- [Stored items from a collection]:
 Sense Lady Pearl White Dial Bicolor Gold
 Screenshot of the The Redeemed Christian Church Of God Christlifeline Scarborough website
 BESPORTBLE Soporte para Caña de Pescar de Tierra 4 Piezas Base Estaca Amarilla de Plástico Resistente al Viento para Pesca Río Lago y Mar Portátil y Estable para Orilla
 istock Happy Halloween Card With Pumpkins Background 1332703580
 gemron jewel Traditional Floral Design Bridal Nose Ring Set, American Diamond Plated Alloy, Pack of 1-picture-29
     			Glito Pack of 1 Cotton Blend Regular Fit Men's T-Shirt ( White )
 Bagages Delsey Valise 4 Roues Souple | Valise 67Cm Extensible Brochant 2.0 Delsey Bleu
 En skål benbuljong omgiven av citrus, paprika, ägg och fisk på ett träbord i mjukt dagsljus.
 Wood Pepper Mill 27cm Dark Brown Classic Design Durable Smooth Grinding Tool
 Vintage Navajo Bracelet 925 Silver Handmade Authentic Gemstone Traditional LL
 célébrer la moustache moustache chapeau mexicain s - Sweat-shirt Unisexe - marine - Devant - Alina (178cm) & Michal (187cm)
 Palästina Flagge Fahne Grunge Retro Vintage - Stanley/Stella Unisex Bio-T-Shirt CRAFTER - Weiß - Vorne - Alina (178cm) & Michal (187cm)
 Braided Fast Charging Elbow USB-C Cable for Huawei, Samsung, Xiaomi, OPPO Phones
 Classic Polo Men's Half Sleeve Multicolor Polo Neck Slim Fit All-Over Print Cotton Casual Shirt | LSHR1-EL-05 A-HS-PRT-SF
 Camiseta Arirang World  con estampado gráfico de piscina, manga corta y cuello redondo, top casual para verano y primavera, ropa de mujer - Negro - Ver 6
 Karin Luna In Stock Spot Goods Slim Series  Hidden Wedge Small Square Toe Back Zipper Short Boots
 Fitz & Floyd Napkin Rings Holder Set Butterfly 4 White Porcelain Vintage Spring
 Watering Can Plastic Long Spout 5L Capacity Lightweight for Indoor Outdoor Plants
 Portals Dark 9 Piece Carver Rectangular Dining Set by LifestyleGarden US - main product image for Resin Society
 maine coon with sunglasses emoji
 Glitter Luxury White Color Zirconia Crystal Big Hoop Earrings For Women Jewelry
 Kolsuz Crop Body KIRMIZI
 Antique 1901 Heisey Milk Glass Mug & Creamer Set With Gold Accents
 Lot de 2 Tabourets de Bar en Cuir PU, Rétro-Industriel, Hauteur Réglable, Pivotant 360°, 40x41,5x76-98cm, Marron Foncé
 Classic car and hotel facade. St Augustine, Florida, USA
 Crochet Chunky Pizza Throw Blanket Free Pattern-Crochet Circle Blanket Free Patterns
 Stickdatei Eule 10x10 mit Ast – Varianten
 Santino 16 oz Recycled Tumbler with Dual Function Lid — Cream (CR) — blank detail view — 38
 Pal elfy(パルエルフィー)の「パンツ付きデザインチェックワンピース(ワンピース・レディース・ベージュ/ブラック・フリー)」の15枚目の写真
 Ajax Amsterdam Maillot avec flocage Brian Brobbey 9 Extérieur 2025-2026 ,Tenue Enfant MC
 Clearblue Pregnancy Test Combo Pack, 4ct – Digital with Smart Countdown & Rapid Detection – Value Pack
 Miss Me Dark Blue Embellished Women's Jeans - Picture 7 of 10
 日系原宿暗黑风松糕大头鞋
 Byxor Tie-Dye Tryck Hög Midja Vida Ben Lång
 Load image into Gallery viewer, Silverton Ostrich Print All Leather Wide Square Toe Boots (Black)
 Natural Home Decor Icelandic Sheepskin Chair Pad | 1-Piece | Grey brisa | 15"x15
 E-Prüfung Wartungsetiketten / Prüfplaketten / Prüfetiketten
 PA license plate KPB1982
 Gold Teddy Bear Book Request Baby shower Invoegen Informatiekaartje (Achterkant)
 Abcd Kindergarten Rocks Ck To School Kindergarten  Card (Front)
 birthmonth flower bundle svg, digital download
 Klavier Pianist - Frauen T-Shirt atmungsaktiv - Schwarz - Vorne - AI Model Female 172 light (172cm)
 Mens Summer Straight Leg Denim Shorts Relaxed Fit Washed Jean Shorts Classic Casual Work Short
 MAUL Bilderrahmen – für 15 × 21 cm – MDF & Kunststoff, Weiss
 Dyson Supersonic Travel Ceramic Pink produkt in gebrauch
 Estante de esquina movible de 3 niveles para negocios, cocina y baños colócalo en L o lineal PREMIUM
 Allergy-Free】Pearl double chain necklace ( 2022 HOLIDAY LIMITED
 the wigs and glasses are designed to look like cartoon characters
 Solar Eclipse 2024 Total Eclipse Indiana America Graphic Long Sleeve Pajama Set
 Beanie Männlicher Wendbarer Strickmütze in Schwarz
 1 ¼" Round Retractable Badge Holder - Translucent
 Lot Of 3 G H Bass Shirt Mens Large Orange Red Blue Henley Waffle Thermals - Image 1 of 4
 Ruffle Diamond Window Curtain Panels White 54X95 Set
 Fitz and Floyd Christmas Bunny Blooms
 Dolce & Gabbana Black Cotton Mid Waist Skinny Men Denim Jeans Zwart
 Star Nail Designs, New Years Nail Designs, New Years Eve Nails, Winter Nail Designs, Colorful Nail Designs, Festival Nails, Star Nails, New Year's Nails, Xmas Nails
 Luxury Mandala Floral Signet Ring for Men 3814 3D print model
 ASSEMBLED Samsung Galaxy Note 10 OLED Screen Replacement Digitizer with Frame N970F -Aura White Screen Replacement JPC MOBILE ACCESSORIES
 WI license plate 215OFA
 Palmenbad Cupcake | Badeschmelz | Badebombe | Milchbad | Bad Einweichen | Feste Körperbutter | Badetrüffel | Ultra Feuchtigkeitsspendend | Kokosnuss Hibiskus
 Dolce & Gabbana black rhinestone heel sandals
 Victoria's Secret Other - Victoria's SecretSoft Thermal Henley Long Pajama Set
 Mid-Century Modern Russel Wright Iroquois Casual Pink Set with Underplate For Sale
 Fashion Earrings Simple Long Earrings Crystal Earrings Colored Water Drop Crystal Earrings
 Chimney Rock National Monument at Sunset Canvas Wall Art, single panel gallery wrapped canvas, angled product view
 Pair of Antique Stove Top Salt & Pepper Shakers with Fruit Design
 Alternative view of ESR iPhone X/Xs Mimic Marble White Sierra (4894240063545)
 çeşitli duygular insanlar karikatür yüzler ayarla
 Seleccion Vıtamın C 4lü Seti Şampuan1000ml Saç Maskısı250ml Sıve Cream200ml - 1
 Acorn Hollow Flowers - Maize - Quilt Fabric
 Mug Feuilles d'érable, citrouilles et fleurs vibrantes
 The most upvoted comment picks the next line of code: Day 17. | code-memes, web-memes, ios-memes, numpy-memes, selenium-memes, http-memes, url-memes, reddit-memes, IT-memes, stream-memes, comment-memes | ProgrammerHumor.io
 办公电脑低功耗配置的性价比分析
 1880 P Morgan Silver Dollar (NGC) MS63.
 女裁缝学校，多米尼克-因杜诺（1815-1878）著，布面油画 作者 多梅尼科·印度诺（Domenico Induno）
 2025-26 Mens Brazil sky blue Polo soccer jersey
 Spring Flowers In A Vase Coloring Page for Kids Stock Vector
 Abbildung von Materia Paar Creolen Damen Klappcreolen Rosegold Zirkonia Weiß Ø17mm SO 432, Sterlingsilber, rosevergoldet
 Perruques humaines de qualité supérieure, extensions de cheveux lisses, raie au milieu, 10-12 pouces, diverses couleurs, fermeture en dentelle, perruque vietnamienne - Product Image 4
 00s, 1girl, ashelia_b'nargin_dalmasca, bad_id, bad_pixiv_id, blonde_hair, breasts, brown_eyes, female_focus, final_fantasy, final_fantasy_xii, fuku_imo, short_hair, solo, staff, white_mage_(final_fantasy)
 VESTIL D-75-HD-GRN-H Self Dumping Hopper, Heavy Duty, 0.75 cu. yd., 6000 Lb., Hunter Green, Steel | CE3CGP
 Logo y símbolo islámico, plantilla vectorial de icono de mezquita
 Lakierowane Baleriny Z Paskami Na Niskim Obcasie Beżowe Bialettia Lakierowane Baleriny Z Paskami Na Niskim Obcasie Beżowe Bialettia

- [What the exercise asks]: Produce only the lines from the line containing "Mens Summer Straight" through the line containing "Alternative view of", inclusive of both, exactly as they stand in the entries above.

- [Written solution]:
 Mens Summer Straight Leg Denim Shorts Relaxed Fit Washed Jean Shorts Classic Casual Work Short
 MAUL Bilderrahmen – für 15 × 21 cm – MDF & Kunststoff, Weiss
 Dyson Supersonic Travel Ceramic Pink produkt in gebrauch
 Estante de esquina movible de 3 niveles para negocios, cocina y baños colócalo en L o lineal PREMIUM
 Allergy-Free】Pearl double chain necklace ( 2022 HOLIDAY LIMITED
 the wigs and glasses are designed to look like cartoon characters
 Solar Eclipse 2024 Total Eclipse Indiana America Graphic Long Sleeve Pajama Set
 Beanie Männlicher Wendbarer Strickmütze in Schwarz
 1 ¼" Round Retractable Badge Holder - Translucent
 Lot Of 3 G H Bass Shirt Mens Large Orange Red Blue Henley Waffle Thermals - Image 1 of 4
 Ruffle Diamond Window Curtain Panels White 54X95 Set
 Fitz and Floyd Christmas Bunny Blooms
 Dolce & Gabbana Black Cotton Mid Waist Skinny Men Denim Jeans Zwart
 Star Nail Designs, New Years Nail Designs, New Years Eve Nails, Winter Nail Designs, Colorful Nail Designs, Festival Nails, Star Nails, New Year's Nails, Xmas Nails
 Luxury Mandala Floral Signet Ring for Men 3814 3D print model
 ASSEMBLED Samsung Galaxy Note 10 OLED Screen Replacement Digitizer with Frame N970F -Aura White Screen Replacement JPC MOBILE ACCESSORIES
 WI license plate 215OFA
 Palmenbad Cupcake | Badeschmelz | Badebombe | Milchbad | Bad Einweichen | Feste Körperbutter | Badetrüffel | Ultra Feuchtigkeitsspendend | Kokosnuss Hibiskus
 Dolce & Gabbana black rhinestone heel sandals
 Victoria's Secret Other - Victoria's SecretSoft Thermal Henley Long Pajama Set
 Mid-Century Modern Russel Wright Iroquois Casual Pink Set with Underplate For Sale
 Fashion Earrings Simple Long Earrings Crystal Earrings Colored Water Drop Crystal Earrings
 Chimney Rock National Monument at Sunset Canvas Wall Art, single panel gallery wrapped canvas, angled product view
 Pair of Antique Stove Top Salt & Pepper Shakers with Fruit Design
 Alternative view of ESR iPhone X/Xs Mimic Marble White Sierra (4894240063545)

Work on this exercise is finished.